Tanner and her husband opened Swig in April 2010 and have made quick headway. Offering fountain drinks, hot drinks, fruit smoothies, baked treats and ice cream, Swig is a one-stop shop to cool down.
Tanner said she and her husband are big Diet Coke drinkers, which was the inspiration behind Swig.
“We knew that there was a need for a good, fun drive-thru, and we knew that there were other people out there, like us, that enjoyed a good fountain drink,” Tanner said.
Tanner said the best-seller is by far the dirty Dr. Pepper. Dirty means coconut flavoring was added.
“You can dirty up any drink,” Tanner said. “Put coconut in it, and it is awesome. I dirty up my Diet Coke all the time.”
Loyal customer Howard Borst said Swig offers a variety of refreshments for every person. His personal favorite is the mango Mountain Dew. Flavors are added to drinks as either syrups or purees, but Borst said he prefers the syrup.
Kaymi Hardy, a junior dental hygiene major from St. George, said she prefers the puree.
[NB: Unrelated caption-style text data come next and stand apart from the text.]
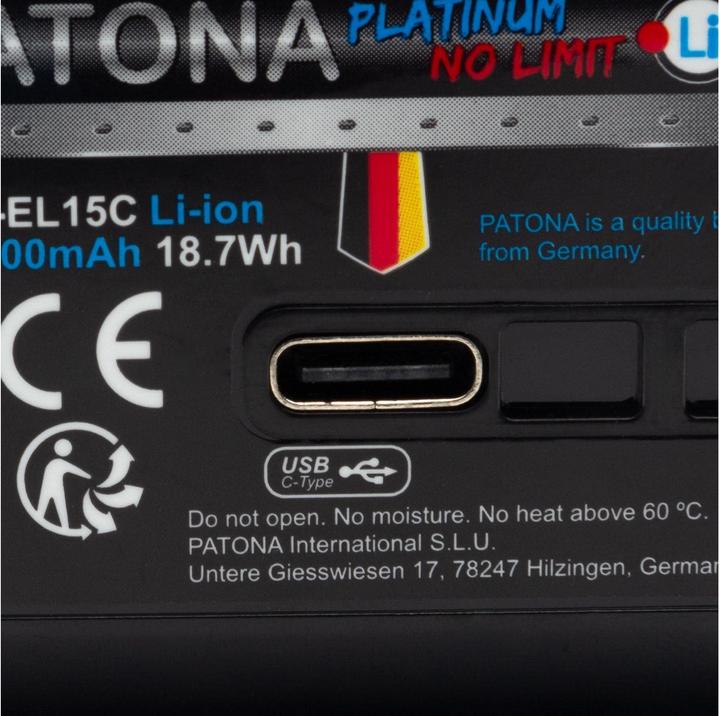 Image du produit Patona Platinum Batterie Nikon ENEL15C USB-C (Batterie de l'appareil photo)
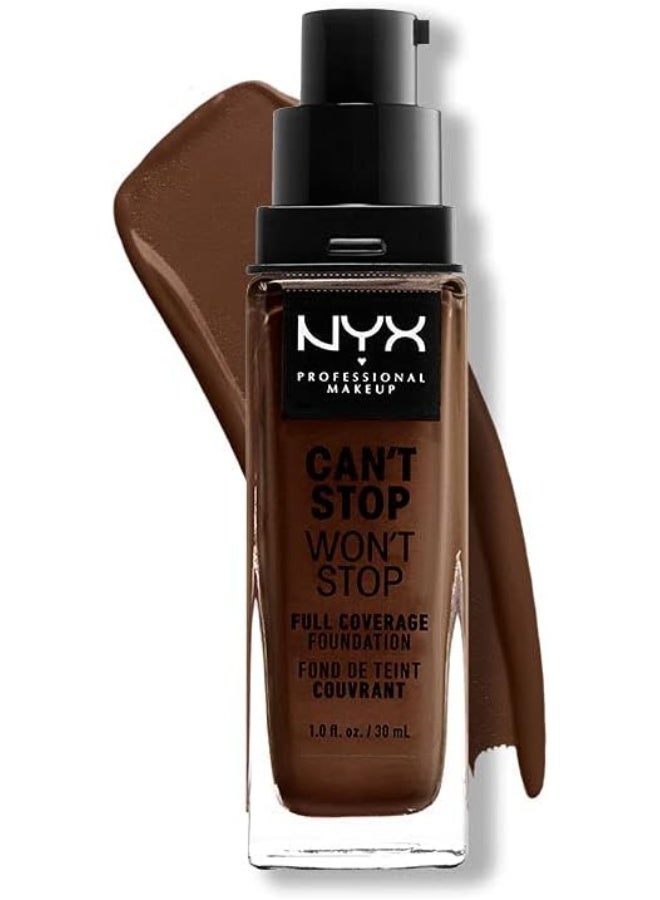 NYX PROFESSIONAL MAKEUP Can't Stop Won't Stop Full Coverage Foundation Deep Espresso  - Image 3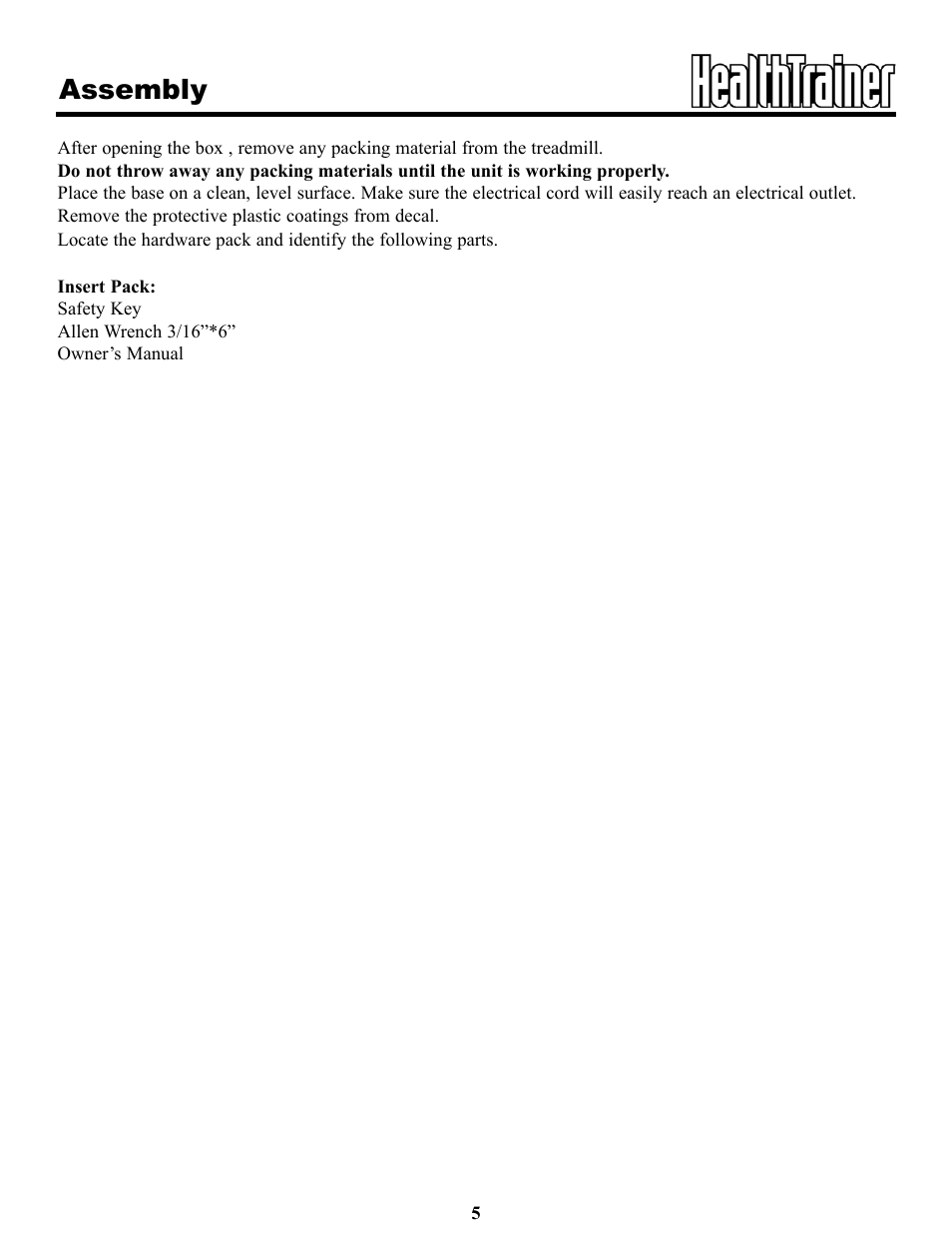 Assembly | Keys Fitness Health Trainer 702t HT702t User Manual | Page 5 / 25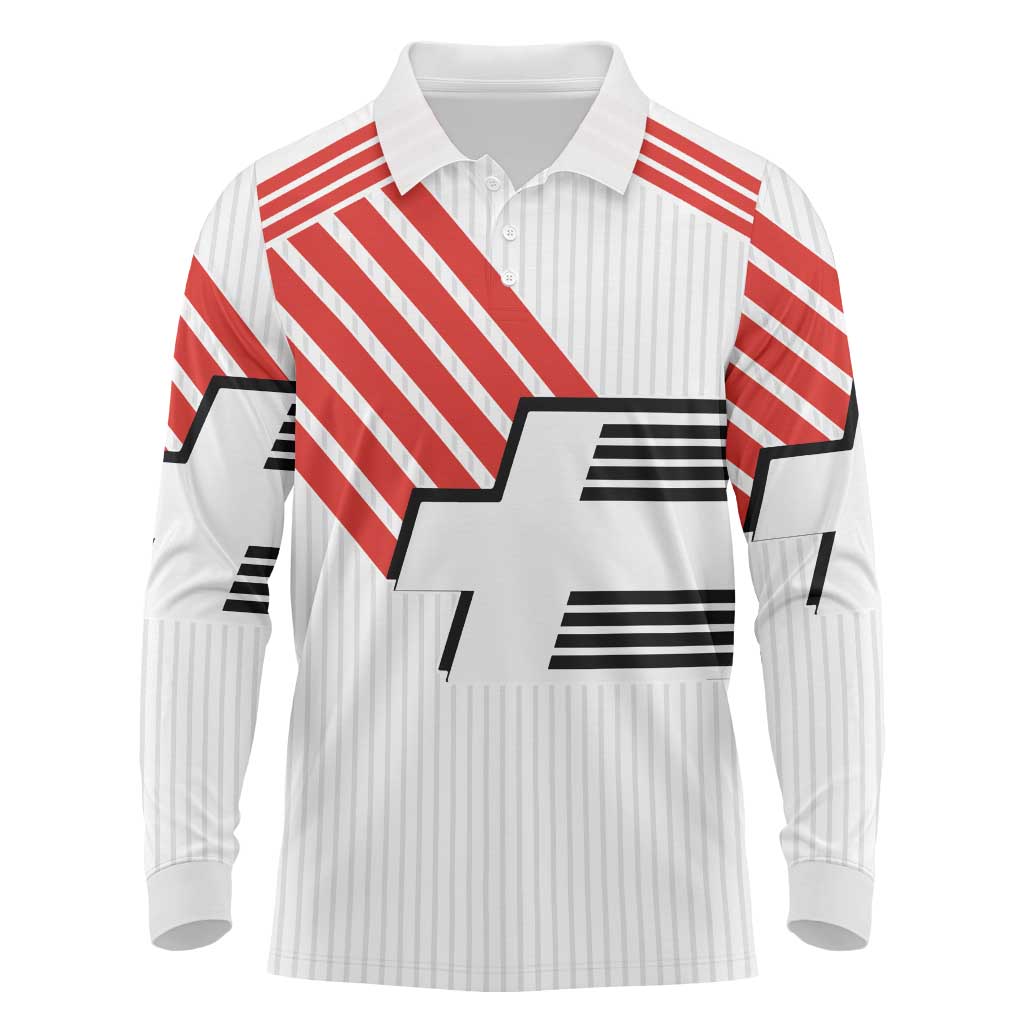 Swiss Football Custom Long Sleeve Polo Shirt 1990-1992 Retro White Switzerland Vintage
Hardy had a Swig drink in hand while she talked about how exceptional Swig is.
“I like the raspberry peach Mountain Dew,” Hardy said. “I just think it’s really unique how they put the flavors with Mountain Dew.”
Tanner said people thought the location of Swig, 989 East Tabernacle Street, would be unsuccessful, but Tanner and her husband knew being in the middle of town and close to the college would be big selling points.
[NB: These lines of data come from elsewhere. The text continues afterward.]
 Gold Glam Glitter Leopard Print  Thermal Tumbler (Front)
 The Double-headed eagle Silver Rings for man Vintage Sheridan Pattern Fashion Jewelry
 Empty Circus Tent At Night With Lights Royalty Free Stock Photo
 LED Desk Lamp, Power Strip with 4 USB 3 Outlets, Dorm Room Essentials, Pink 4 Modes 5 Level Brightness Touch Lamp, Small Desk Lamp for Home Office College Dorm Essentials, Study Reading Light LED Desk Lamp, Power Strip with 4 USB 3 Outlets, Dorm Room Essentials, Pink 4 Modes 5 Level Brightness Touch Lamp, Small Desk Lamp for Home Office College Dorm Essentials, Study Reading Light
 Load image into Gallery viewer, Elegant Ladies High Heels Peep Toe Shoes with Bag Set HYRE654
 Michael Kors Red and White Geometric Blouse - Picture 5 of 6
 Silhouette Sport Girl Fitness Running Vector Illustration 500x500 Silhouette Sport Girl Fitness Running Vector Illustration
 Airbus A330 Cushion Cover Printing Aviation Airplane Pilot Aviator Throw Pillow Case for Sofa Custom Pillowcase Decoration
“It’s not on a busy street where you’re going to get a lot of high traffic, but we knew that it was just far enough off (the Boulevard) that people would come down to it if they really liked it,” Tanner said. “We knew the college kids would love a fun destination place like this.”
Tanner said not only does the central location bring students to Swig, but it also draws in Dixie State College faculty and staff.
A lot of customers come to Swig after having a bad day, Tanner said. People stop by, get a drink and cookie, and get back in their zen zone.
“We didn’t want people to be treated like a number,” Tanner said. “We wanted them to feel special and make it a fun part of their day. We have regulars, and we know their drink the minute we see them. People love that.”
Tanner said she and her husband opened Swig in the height of the recession. People thought they were unwise to open any type of restaurant, but Tanner and her husband thought differently.
“…People will still want to come and get their fountain drinks,” Tanner said. “They’re not going to go out to dinner as much, but they will still come get $1 (or) $1.50 drink.”
By keeping menu-items reasonably priced, more customers are drawn to Swig.
Tanner said: “We want it to be affordable. It can still be a fun thing for [people], and it’s not costing a lot of money. We keep everything pretty low-cost.”
Swig has become an unexpected success not only for the Tanners, but also for customers.
“I assumed it would do OK, but I had no idea it would be the phenomenon that it is,” Borst said.
Tanner also emphasized her gratitude for Swig’s success.
“This is our one and only Swig, and the whole concept behind it was kind of fun,” Tanner said. “We didn’t know that it’d be anything like this. We are very lucky.”